The pandemic has undoubtedly changed the investment landscape but for Chris it’s provided further clarity and focus when vetting opportunities in the future.

“I want to invest in things that are important, ultimately. I want them to be important. I want them to be businesses that clearly make money. Life’s too short to invest in things that aren’t adding value to society as well. Everyone’s very conscious of health right now. One of the companies I invested in at the end of last year, and did a further investment during lockdown, was a company called Equips Me. It is a health tech platform in the UK that offers very, very affordable health insurance to self-employed people and small companies with two to 20 employees. It’s now looking like I have a crystal ball, that this was the best investment ever. It was important pre-COVID and it’s important now. Health care is probably one thing that I’m looking more at now, in addition to pure FinTech.”

While his main focus is in FinTech, Chris enthuses that the founding team could persuade him to invest outside of that sector or at the very least offer help to a founder that needs it.

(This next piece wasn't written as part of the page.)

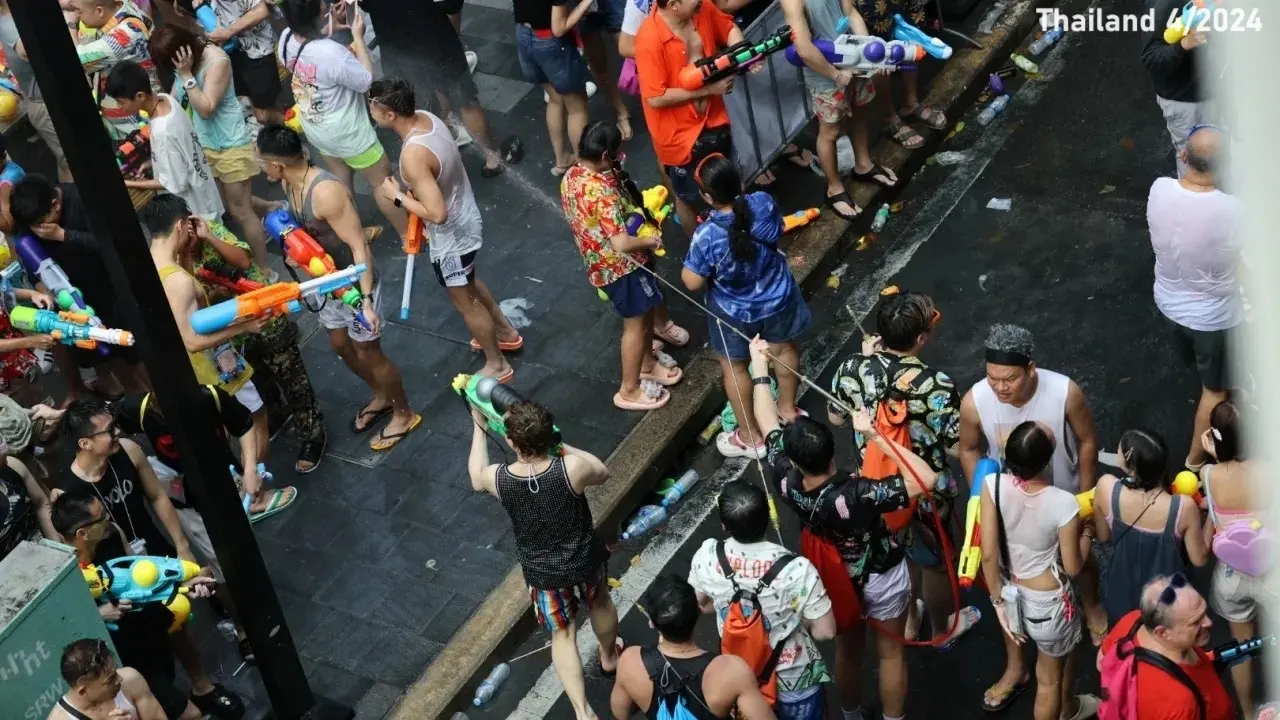 Maha Songkran 2024, Silom, Bangkok 🇹🇭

“Ultimately, you’re backing the founding team, right? Is this someone who is mission driven? Is it somebody who’s doing things that are important? Is this somebody who’s super ambitious, and like wakes up in the morning, jumps on the bed and has to do this job well. I’m trying to figure that out, I guess going back to that platform of brdg I use, one of the ways I use that platform is I’ll meet a founder, and if the founder is great you want to help them, you can’t invest in everyone, but you should try to help everyone if you can. What I try to do is say, ‘there’s two people or three people that are in my network that I think could be really helpful’ and if the founder says, ‘oh, that’d be great’ I’ll make those introductions to them. I can actually track those introductions so I can see whether they do the double opt-in requests, I can see whether the person I introduced them to takes the meeting and then critically, two weeks later, I can get feedback from both parties. That helps me in the first few weeks understand whether this founder is hungry. I might like them, that’s a good gut feel, I can offer them something for free – my network – and if they capitalise on that and I get good feedback, now I can actually take that conversation to another level. I try to do that at scale. I mean, I’ll talk to anywhere from one to five companies a day.”

Turning his attention to his ambition to be a venture capitalist and run a fund, Chris spoke keenly about his latest project Outrun Ventures. Discussing how it came to fruition Chris says:

“To start a fund, you have to learn how to run a fund and critically you need a track record track. A track record takes time and in VC it takes a lot of time. I’ve given it six or seven years now of writing personal tickets and looking back on the investments. I wrote a Medium post in January being open about what I’ve done to date, what I’ve learned and (talking about) how things are going. Around that time, myself and my long-time friend and business colleague, Tariq Khan, came together, and we said, ‘let’s do a fund’. We decided that we wanted to be directly authorized so we actually applied for our FCA authorization and we got that. We started fundraising at the end of last year. We launched Outrun Ventures and we’re in fundraising mode. Whilst we fundraise, I’m writing personal tickets to keep the network live and well. Outrun Ventures is effectively going to be doing similar things to what I was doing before, except writing larger tickets. (We’ll be) leading seed rounds rather than being an angel with a team.”